**Your objective**
Leaving out the pictures, retype exactly the lines from the one holding "playing down line" through the end of the material.

**Data shown**
'''

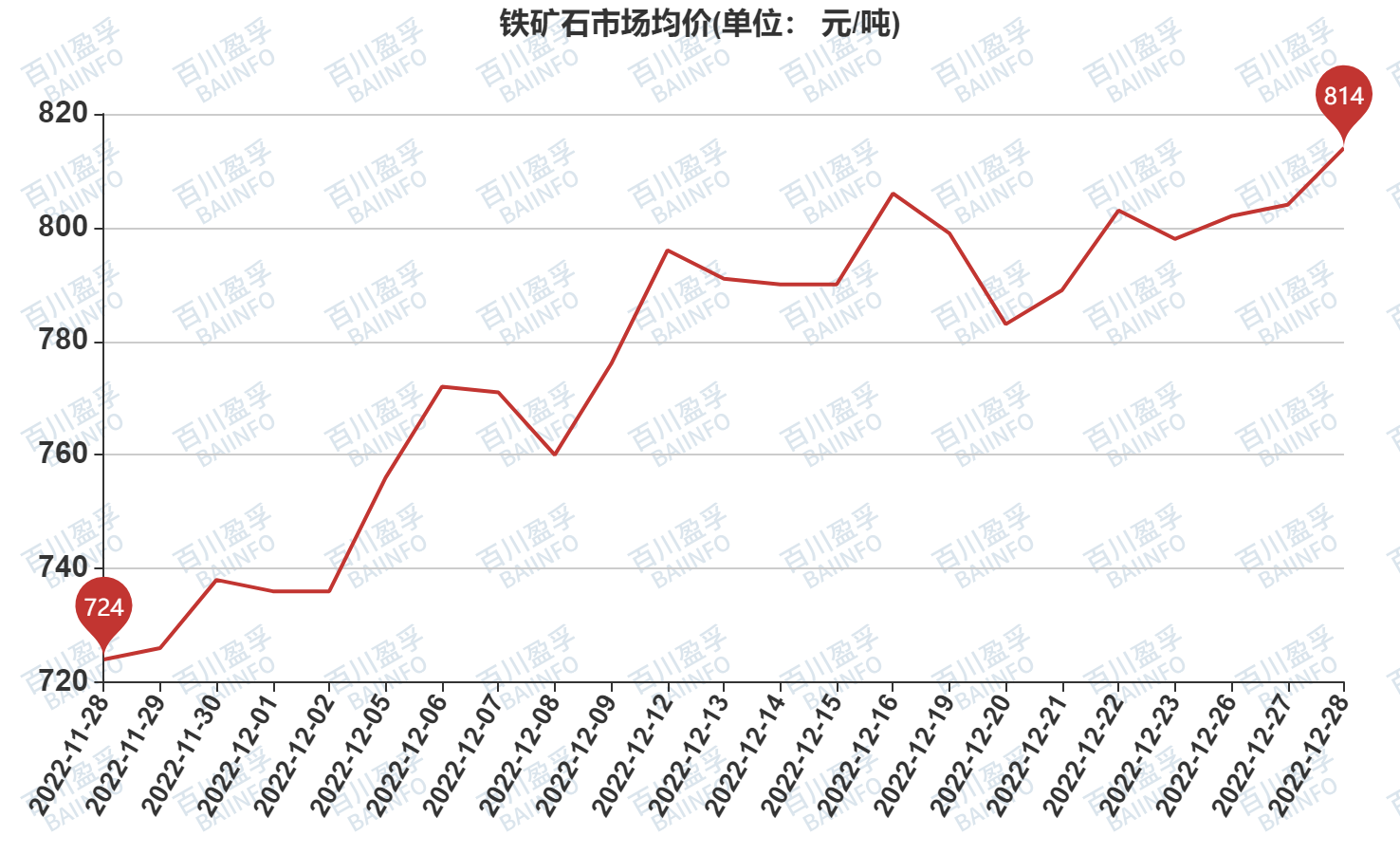 废钢网会员是真的吗_废钢网下载_废钢网5G版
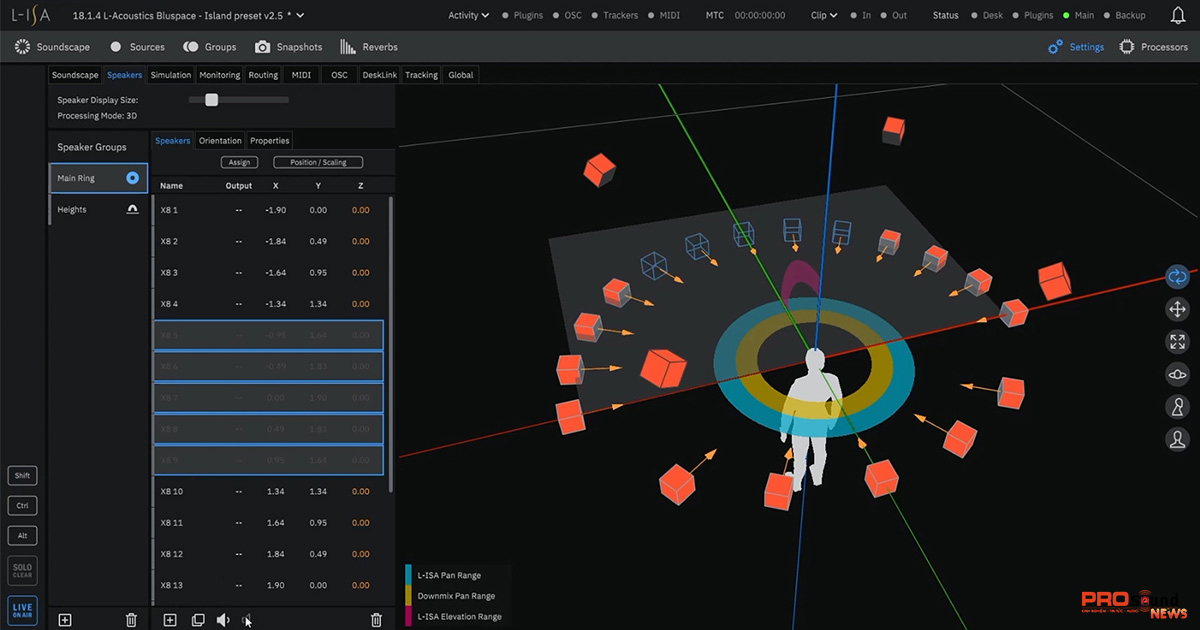 Bộ điều khiển L-ISA Controller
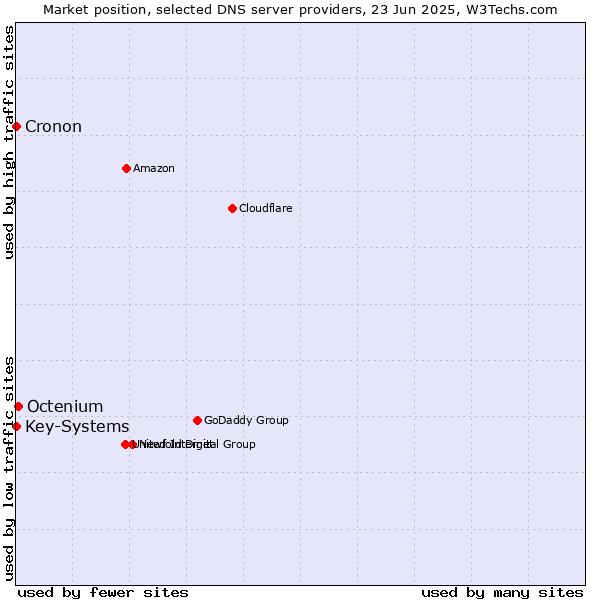 Market position of Octenium vs. Key-Systems vs. Cronon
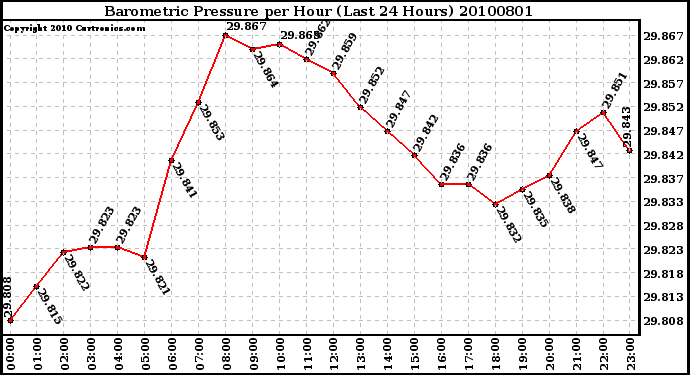 Milwaukee Weather Barometric Pressure per Hour (Last 24 Hours)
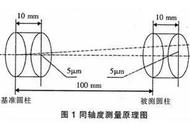 同轴度的三种测量方法（检测同轴度的方法）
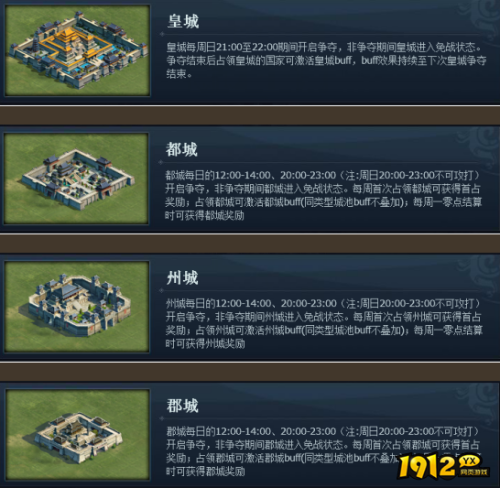 《三国群将传》万国争霸规则是什么 万国争霸规则介绍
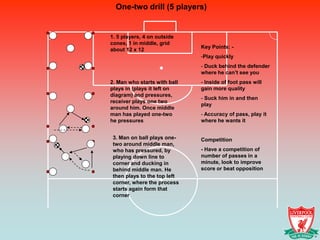 One-two drill (5 players)


1. 5 players, 4 on outside
cones, 1 in middle, grid
                              Key Points: -
about 12 x 12
                              -Play quickly
                              - Duck behind the defender
                              where he can’t see you
2. Man who starts with ball   - Inside of foot pass will
plays in (plays it left on    gain more quality
diagram) and pressures,
                              - Suck him in and then
receiver plays one two
                              play
around him. Once middle
man has played one-two        - Accuracy of pass, play it
he pressures                  where he wants it


 3. Man on ball plays one-    Competition
 two around middle man,
 who has pressured, by        - Have a competition of
 playing down line to         number of passes in a
 corner and ducking in        minute, look to improve
 behind middle man. He        score or beat opposition
 then plays to the top left
 corner, where the process
 starts again form that
 corner
 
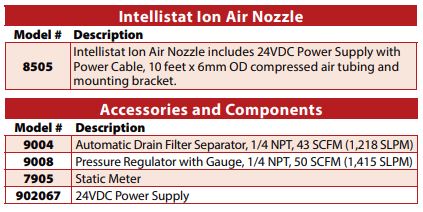 gen4 ion air Gun kit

'''

**Answer to the problem**
 playing down line to         number of passes in a
 corner and ducking in        minute, look to improve
 behind middle man. He        score or beat opposition
 then plays to the top left
 corner, where the process
 starts again form that
 corner
 
 gen4 ion air Gun kit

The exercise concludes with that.